■ Material provided

▬▬▬

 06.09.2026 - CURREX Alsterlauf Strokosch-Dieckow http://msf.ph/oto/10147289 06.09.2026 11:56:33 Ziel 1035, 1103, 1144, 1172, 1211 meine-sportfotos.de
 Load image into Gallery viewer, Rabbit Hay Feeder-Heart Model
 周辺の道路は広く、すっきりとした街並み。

▬▬▬

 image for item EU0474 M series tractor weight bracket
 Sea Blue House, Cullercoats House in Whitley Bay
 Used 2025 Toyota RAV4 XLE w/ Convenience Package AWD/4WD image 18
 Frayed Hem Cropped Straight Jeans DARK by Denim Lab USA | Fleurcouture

▬▬▬

■ Exercise
With the line holding "Load image into" as the first and the line holding "周辺の道路は広く、すっきりとした街並み。" as the last, set down that range of the entries above exactly, and nothing else.

■ Answer space
 Load image into Gallery viewer, Rabbit Hay Feeder-Heart Model
 周辺の道路は広く、すっきりとした街並み。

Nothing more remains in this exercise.